Reduced sampling for construction of quadratic response surface approximations using adaptive experimental design

To reduce the computational complexity per step from O(n²) to O(n) for optimization based on quadratic surrogates, where n is the number of design variables.

Applying nonlinear optimization strategies directly to complex multidisciplinary systems can be prohibitively expensive when the complexity of the simulation codes is large. Increasingly, response surface approximations (RSAs), and specifically quadratic approximations, are being integrated with nonlinear optimizers in order to reduce the CPU time required for the optimization of complex multidisciplinary systems. For evaluation by the optimizer, RSAs provide a computationally inexpensive lower fidelity representation of the system performance. The curse of dimensionality is a major drawback in the implementation of these approximations as the amount of required data grows quadratically with the number n of design variables in the problem. In this paper a novel technique to reduce the magnitude of the sampling from O(n²) to O(n) is presented.

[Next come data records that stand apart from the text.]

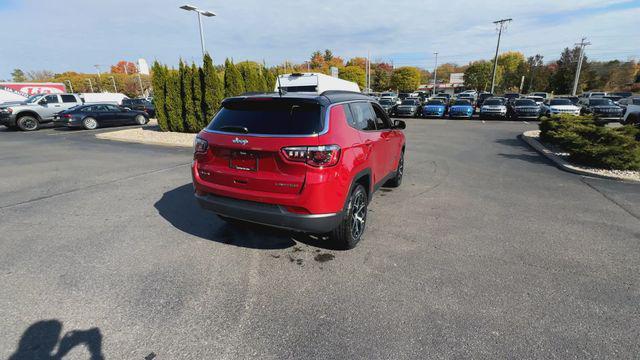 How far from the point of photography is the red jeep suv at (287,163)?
2.95 metres

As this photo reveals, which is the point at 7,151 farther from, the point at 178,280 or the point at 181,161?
the point at 178,280

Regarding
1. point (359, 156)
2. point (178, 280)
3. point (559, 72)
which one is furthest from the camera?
point (559, 72)

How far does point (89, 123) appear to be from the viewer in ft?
57.0

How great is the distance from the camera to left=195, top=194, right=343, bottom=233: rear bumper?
3.00m

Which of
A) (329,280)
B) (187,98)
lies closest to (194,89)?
(187,98)

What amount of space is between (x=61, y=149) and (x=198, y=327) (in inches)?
473

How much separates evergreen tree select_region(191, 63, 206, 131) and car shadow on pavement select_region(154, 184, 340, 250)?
9585 mm

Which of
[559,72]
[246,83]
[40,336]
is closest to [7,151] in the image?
[246,83]

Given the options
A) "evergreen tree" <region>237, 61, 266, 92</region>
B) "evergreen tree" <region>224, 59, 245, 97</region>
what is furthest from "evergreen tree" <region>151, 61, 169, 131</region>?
"evergreen tree" <region>237, 61, 266, 92</region>

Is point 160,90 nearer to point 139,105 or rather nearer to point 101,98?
point 139,105

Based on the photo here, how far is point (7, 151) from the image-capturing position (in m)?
10.8

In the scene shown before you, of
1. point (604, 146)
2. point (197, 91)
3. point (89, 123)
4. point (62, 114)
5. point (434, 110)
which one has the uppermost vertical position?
point (197, 91)

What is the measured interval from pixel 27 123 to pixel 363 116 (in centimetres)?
2158

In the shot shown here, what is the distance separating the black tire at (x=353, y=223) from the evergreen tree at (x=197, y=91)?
11.9 m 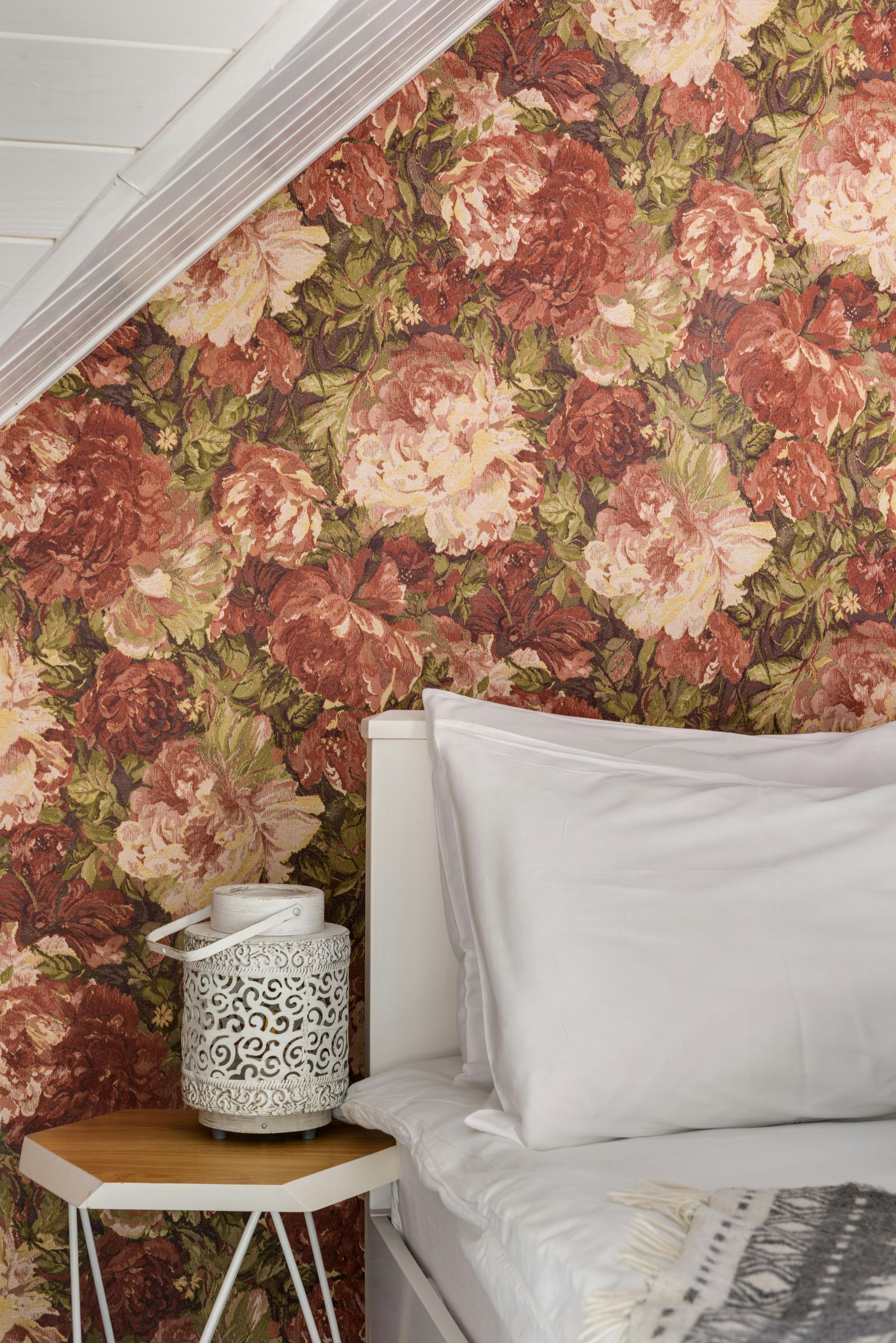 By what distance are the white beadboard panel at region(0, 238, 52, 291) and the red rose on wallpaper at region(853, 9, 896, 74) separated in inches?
55.7

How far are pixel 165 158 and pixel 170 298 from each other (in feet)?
2.30

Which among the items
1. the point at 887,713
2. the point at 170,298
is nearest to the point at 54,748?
the point at 170,298

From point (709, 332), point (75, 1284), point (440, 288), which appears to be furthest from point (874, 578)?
point (75, 1284)

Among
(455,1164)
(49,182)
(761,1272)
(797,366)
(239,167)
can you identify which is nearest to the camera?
(761,1272)

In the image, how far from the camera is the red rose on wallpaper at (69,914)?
1.47 m

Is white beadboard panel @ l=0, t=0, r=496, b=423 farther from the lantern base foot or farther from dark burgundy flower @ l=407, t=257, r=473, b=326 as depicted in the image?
the lantern base foot

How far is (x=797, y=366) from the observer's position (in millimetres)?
1704

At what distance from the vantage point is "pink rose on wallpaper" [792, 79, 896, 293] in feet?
5.57

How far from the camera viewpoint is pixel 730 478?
1685 mm

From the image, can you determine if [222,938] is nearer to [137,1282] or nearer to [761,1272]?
[137,1282]

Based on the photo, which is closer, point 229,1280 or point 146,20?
point 146,20

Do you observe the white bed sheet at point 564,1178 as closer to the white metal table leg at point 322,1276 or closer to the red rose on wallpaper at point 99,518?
the white metal table leg at point 322,1276

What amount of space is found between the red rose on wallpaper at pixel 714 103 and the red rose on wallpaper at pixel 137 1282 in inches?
69.9

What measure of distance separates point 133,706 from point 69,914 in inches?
11.6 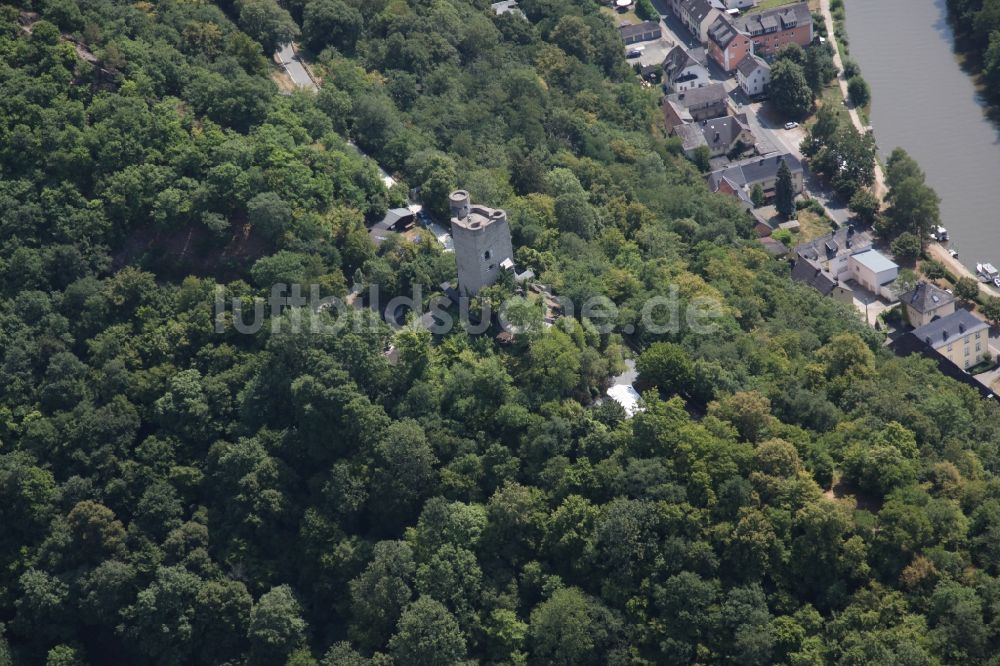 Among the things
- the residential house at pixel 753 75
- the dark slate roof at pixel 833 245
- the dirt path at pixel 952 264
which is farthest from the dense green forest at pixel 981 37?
the dark slate roof at pixel 833 245

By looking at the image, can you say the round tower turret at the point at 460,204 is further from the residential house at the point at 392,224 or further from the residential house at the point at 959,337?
the residential house at the point at 959,337

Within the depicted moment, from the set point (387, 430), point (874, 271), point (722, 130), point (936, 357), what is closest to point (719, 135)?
point (722, 130)

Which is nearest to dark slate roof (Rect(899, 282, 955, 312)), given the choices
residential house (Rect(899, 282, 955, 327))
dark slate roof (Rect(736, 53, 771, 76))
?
residential house (Rect(899, 282, 955, 327))

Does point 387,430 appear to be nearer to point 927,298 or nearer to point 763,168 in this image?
point 927,298

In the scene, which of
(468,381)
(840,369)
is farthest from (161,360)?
(840,369)

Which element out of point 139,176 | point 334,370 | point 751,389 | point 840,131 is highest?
point 139,176

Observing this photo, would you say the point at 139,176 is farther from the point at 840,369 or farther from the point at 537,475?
the point at 840,369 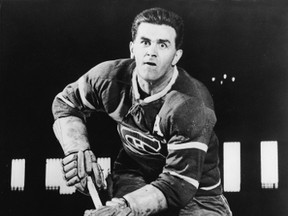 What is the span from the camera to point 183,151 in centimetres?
137

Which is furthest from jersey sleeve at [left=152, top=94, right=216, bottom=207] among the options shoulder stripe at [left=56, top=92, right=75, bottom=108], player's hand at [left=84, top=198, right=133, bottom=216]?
shoulder stripe at [left=56, top=92, right=75, bottom=108]

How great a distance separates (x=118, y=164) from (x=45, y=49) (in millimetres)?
488

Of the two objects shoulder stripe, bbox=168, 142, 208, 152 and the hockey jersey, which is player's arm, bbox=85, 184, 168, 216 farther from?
shoulder stripe, bbox=168, 142, 208, 152

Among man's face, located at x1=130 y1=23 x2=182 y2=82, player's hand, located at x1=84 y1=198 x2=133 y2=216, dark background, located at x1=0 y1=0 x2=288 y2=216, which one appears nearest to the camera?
player's hand, located at x1=84 y1=198 x2=133 y2=216

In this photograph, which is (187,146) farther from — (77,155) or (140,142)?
(77,155)

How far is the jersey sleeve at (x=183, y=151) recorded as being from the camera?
136cm

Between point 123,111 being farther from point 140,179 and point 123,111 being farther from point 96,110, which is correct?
point 140,179

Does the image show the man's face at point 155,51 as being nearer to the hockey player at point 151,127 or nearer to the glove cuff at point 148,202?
the hockey player at point 151,127

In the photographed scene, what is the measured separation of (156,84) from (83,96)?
256 millimetres

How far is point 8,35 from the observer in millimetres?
1588

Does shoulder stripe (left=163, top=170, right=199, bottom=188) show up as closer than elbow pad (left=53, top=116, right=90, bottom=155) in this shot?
Yes

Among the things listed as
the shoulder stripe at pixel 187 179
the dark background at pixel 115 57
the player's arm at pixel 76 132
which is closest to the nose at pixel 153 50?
the dark background at pixel 115 57

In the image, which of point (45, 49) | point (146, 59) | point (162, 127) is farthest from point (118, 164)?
point (45, 49)

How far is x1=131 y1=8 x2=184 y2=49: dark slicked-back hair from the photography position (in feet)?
4.84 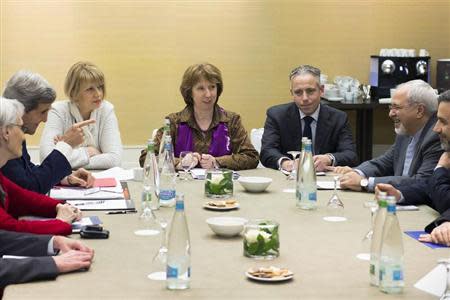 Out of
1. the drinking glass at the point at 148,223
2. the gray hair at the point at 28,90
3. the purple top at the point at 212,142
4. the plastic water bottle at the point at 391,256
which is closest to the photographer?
the plastic water bottle at the point at 391,256

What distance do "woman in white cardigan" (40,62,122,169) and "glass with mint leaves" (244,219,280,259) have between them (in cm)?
230

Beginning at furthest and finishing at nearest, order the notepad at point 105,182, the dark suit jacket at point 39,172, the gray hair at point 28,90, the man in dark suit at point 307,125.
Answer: the man in dark suit at point 307,125
the notepad at point 105,182
the gray hair at point 28,90
the dark suit jacket at point 39,172

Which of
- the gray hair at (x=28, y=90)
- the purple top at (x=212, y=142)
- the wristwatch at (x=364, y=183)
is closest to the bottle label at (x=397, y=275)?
the wristwatch at (x=364, y=183)

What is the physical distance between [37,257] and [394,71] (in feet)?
18.0

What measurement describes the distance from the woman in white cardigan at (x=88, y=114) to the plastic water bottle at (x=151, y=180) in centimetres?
129

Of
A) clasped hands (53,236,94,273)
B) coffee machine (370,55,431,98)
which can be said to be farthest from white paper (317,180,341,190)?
coffee machine (370,55,431,98)

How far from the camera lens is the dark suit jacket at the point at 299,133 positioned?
483 centimetres

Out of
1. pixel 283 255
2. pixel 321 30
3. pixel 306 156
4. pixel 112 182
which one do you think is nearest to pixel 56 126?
pixel 112 182

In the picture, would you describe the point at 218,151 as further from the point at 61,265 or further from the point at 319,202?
the point at 61,265

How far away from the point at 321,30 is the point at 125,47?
75.5 inches

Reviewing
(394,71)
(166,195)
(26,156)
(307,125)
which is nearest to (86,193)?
(26,156)

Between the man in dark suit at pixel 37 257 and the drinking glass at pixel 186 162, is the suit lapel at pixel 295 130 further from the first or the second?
the man in dark suit at pixel 37 257

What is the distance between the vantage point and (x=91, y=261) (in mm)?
2391

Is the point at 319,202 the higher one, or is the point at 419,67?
the point at 419,67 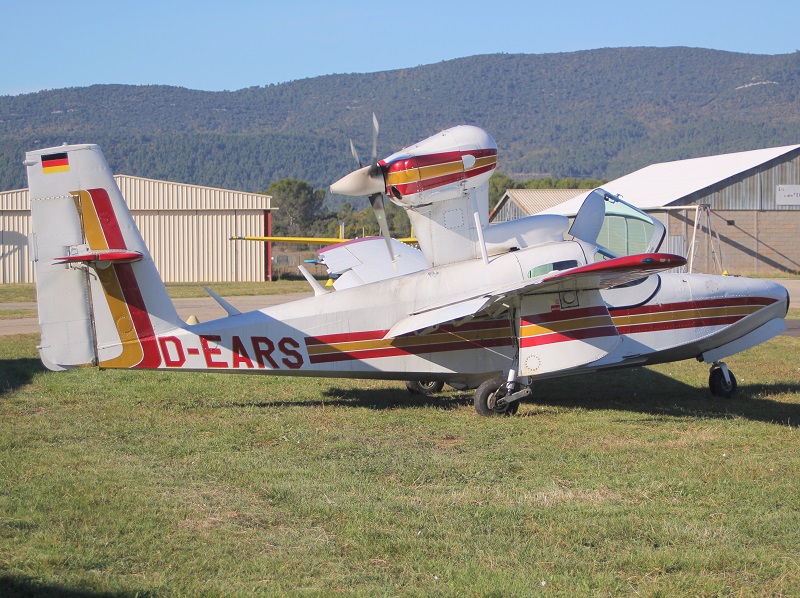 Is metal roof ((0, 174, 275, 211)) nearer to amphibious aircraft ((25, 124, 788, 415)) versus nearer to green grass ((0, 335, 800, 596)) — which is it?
green grass ((0, 335, 800, 596))

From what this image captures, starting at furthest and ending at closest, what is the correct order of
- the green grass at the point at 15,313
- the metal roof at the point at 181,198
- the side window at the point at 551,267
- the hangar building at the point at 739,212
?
the metal roof at the point at 181,198
the hangar building at the point at 739,212
the green grass at the point at 15,313
the side window at the point at 551,267

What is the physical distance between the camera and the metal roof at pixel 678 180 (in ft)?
164

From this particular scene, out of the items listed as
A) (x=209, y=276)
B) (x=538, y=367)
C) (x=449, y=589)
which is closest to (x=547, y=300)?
(x=538, y=367)

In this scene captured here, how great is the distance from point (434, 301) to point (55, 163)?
16.9ft

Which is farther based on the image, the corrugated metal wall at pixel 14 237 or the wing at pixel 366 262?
the corrugated metal wall at pixel 14 237

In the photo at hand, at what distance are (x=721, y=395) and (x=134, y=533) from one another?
959cm

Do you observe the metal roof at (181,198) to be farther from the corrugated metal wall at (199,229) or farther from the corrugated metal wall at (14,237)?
the corrugated metal wall at (14,237)

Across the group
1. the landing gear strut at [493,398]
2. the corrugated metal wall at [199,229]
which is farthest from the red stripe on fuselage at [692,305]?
the corrugated metal wall at [199,229]

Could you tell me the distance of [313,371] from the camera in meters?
12.2

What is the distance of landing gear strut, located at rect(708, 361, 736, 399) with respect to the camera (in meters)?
13.4

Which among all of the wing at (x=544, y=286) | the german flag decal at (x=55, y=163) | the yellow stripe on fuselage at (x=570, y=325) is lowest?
the yellow stripe on fuselage at (x=570, y=325)

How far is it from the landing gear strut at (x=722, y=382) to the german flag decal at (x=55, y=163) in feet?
31.3

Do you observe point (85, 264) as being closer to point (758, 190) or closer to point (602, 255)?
point (602, 255)

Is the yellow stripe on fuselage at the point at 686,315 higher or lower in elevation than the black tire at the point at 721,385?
higher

The technique uses prior information to approximate the eigenvectors of the Hessian matrix of the RSA and only requires the eigenvalues to be computed by response surface techniques. The technique is implemented in a sequential approximate optimization algorithm and applied to engineering problems of variable size and characteristics. Results demonstrate that a reduction in the data required per step from O(n²) to O(n) points can be accomplished without significantly compromising the performance of the optimization algorithm.

A reduction in the time (number of system analyses) required per step from O(n²) to O(n) is significant, even more so as n increases. The novelty lies in how only O(n) system analyses can be used to approximate a Hessian matrix whose estimation normally requires O(n²) system analyses.